Tuesday, September 11, 2012

Making an Effort

In the 1950s, there were kids in grade school with me who didn't have easy lives. One boy in my class lived with his family in a wooden railroad box car stored near the city's train yards. This boy was an excellent student, extremely bright and friendly to all. Hopefully he found life to get easier as he grew older. But despite his difficult home situation, this boy always came to school in clean clothes with his hair combed and was eager to learn.

Appearance is not everything, but it speaks volumes about the effort put forth by the individual. It shows sincerity, positive outlook and, yes, keeping up appearances requires effort. Obviously someone in that boy's family helped him make that effort.

Effort may be one of the most under rated traits around. And, unfortunately, it seems to be seriously lacking in our population today. Unless the tide changes, effort may become a thing of the past, along with buggy whips and button-top shoes.

People seem to have forgotten how to make an effort regarding a lot of subjects. They seem to have lost the effort to:

Find something of interest to occupy their time. Everyone should have something that they look forward to doing: reading a book, pursuing a hobby, volunteering to help others. Focus is important to making each day worthwhile. We need to keep active and interested in order to remain active and interesting.

Get some exercise. This can require only minutes for a brisk walk a few times each week. We can find many reasons to avoid getting exercise, which physicians agree can help improve our health as we age. We find time to do any number of other meaningless tasks -- some of which require a great deal of work -- but getting exercise gets little attention.

Communicate with others. Communication requires more than sending a social network message to people you seldom see. An occasional email demonstrating some thought and showing some personal interest is a great way to keep in touch. Isn't it nice to receive an occasional spontaneous email?

Dress appropriately. Let's be honest. People are quickly becoming slobs. Clothed in sweat pants, T-shirts and shod in plastic flip flops, people dine in nice restaurants, shop in stores and even travel by air. A short time ago these clothes were worn to wash the car or work in the garden. Next time you are headed out hurriedly, stop in front of the mirror. If people might think you were just changing the car's oil, you might want to change your clothes.
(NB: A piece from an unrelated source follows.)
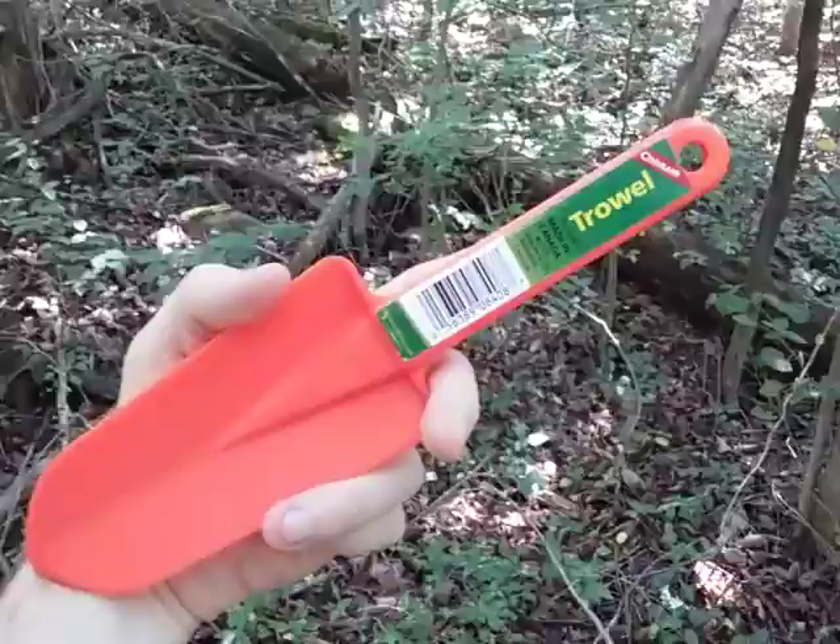Check these out at your local Walmart. You can get these usually for around $2 to $3 at most. Thanks for watching.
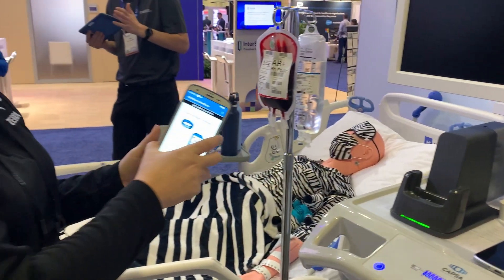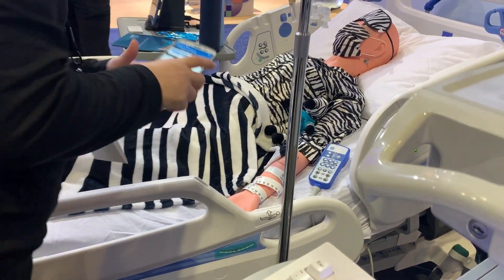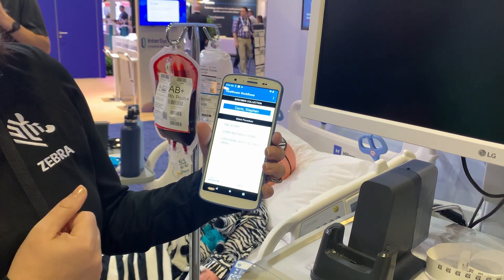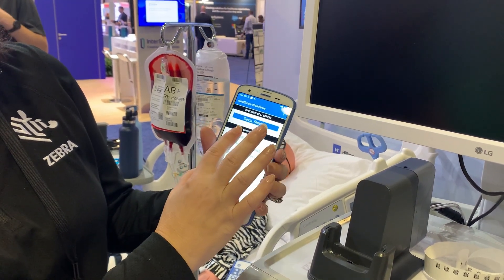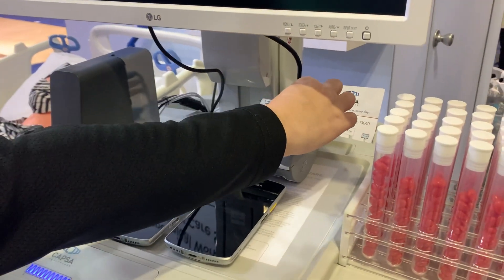So I am going to scan a wristband on our patient. You can see the doctor has prescribed a few labs to be run, so I'm going to go ahead and draw blood from our patient and print the label here on the printer.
Practice basic hygiene. Soap is cheap and deodorant readily available. These are not costly items. Most houses now have running water. There are few reasons to avoid hygiene and it takes only a few minutes to prevent odor from radiating to those standing nearby. I know that when I spend time among the "great unwashed" I wonder why these folks are torturing me. I also wonder what their friends/spouse/partner must think and why they don't gently encourage the odor spreader to occasionally wash.
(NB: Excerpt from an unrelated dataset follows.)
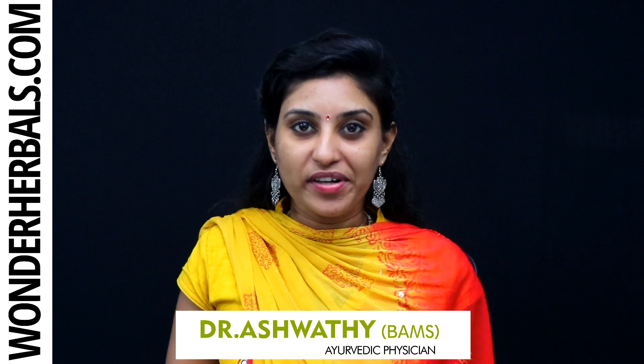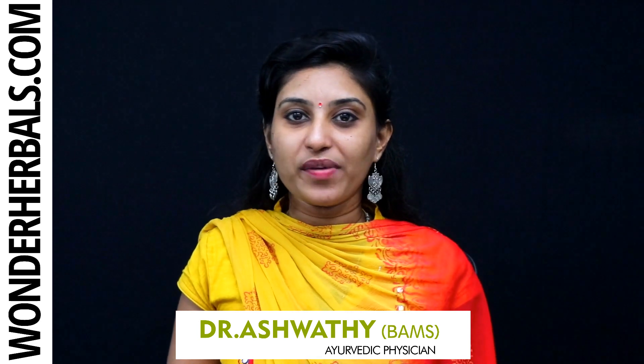Hi, this is from Wonder Herbals. I am Dr. Ashwati, an Ayurvedic physician. Now, how to use Multani Mitti?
Remain positive. The current economy presents a challenge for us all. It is hard to remain positive about the future when friends and family may be jobless, losing their home, perhaps struggling with health problems or domestic challenge. But we must keep in mind that circumstances will change -- they always have changed. Just because the present looks grim is no reason to lose confidence.

Without making an effort, there is no change. Without making an effort, there is no improvement. Without making an effort, tasks do not get completed.

We all need to make an effort in order to move our communities forward.